CO: The COntroversy and COnfusion COntinues

abstract & commentary

Source: Scheinkstel CD, et al. Hyperbaric or normobaric oxygen for acute carbon monoxide poisoning: A randomized controlled clinical trial. Med J Aust 1999;170:203-210.

Using blinded cluster randomization, 191 carbon monoxide (CO) poisoned patients were assigned to hyperbaric oxygen (HBO) or normobaric oxygen (NBO) treatment schemes. All patients were included regardless of CO level (average CO level: HBO 20.5%, NBO 22%). Cluster randomization is used to assign all patients that present in a group to one of the randomized treatments. NBO patients received 100% oxygen at 1.0 atmosphere for 100 minutes. This was achieved using an occlusive non-rebreather face mask and a special oxygen reservoir. These treatments were administered in the hyperbaric chamber, which was flushed with air to simulate pressurization as a sham hyperbaric treatment. HBO patients received 60 minutes of 100% oxygen by occlusive mask at 2.8 atmospheres. Each treatment was administered daily for three days. In between, all patients received oxygen by non-occlusive non-rebreather face mask with high-flow oxygen at 14 L/min. Intubated patients received 100% oxygen. Neuropsychological testing was performed at day three; if abnormal, three more days of treatment were administered. The neuropsychological testing was performed at completion of treatment and at one month.
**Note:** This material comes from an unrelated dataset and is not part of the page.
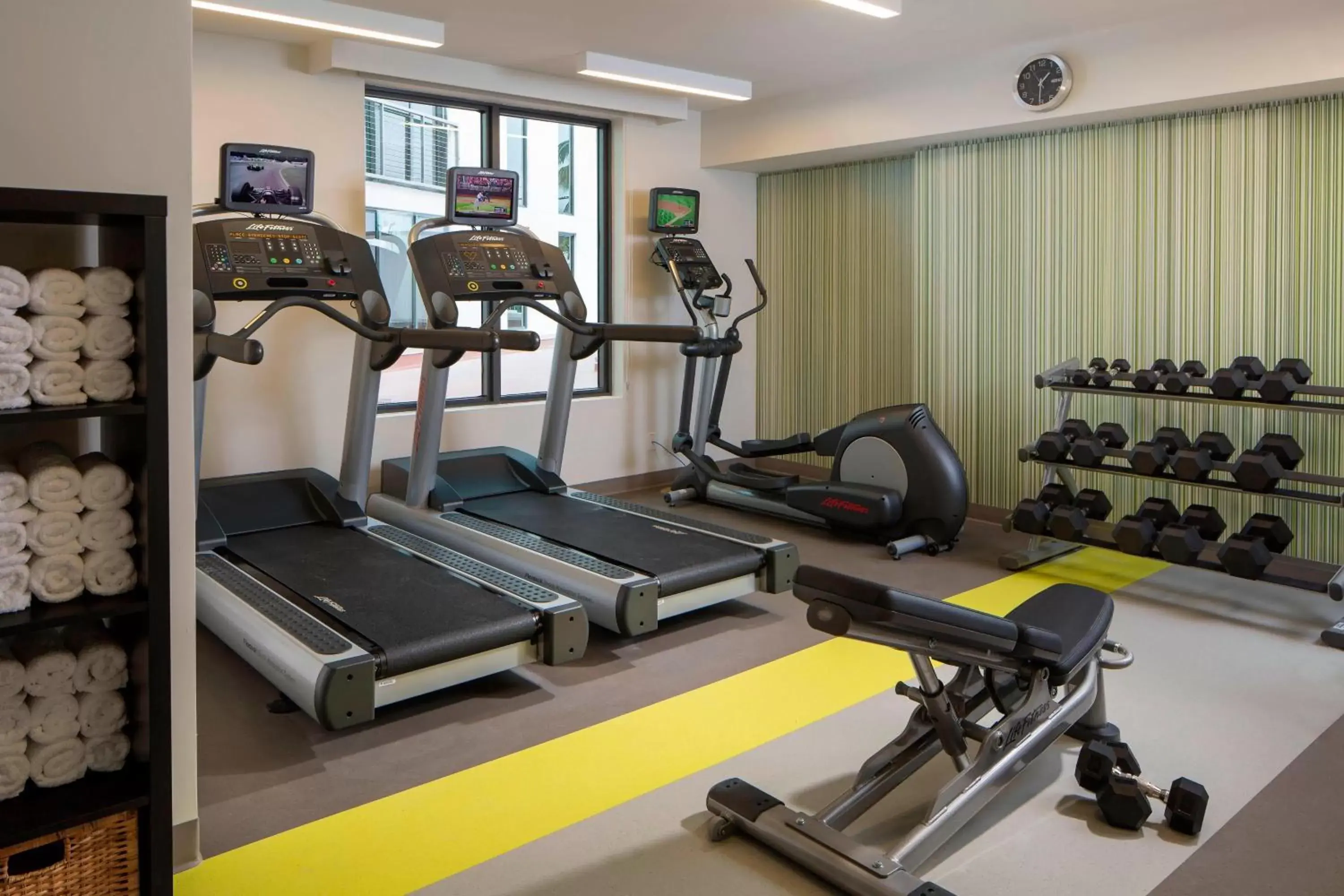 Fitness centre/facilities, Fitness Center/Facilities in Residence Inn by Marriott Miami Beach South Beach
Randomization resulted in no significant differences between the groups. However, patients in the NBO group were treated one hour sooner than patients in the HBO group on average. Only 46% of patients were available for follow-up. Results showed that HBO patients required more additional treatments than NBO patients (28% vs 15%, P = 0.01). None of the 87 NBO-treated patients had delayed neurological sequelae (DNS); however, five of the 104 HBO patients had DNS. Because many practitioners believe HBO must be delivered within six hours, a post hoc analysis stratifying patients by time to treatment demonstrated equal outcomes for NBO or HBO. The data for that analysis are not reported. Scheinkstel and colleagues conclude that HBO cannot be recommended for treatment of CO poisoning.

Comment by Richard J. Hamilton, MD, FAAEM, ABMT

This report from Australia has been touted as the final word on the ongoing controversy of whether HBO improves outcomes in CO poisoning. On first analysis, Scheinkstel et al have used some clever mechanisms to overcome the typical problems associated with this sort of study — cluster randomization, sham chamber treatments, etc. There are a few small problems with this study: the inclusion of patients with levels lower than 25% without analysis of symptoms, the delays in treatment, etc. However, there is one glaring problem in that the NBO wing of treatment hardly received "normal" amounts of oxygen. These patients received continuous high-flow oxygen via a non-rebreather mask for 3-6 days, as well as 100% oxygen by "occlusive mask." The former is what most hospitals provide as "100% oxygen," and the latter is provided by a special aviator style or inflated-seal mask with rubber retainer straps. This is certainly not what most physicians would consider the treatment currently touted as the alternative to HBO, which is just high-flow oxygen by non-rebreather mask until the CO level drops to zero. The only legitimate interpretation of this study is that continuous high-flow oxygen with intermittent 100% NBO appears to be equivalent to continuous high-flow oxygen with intermittent 100% HBO.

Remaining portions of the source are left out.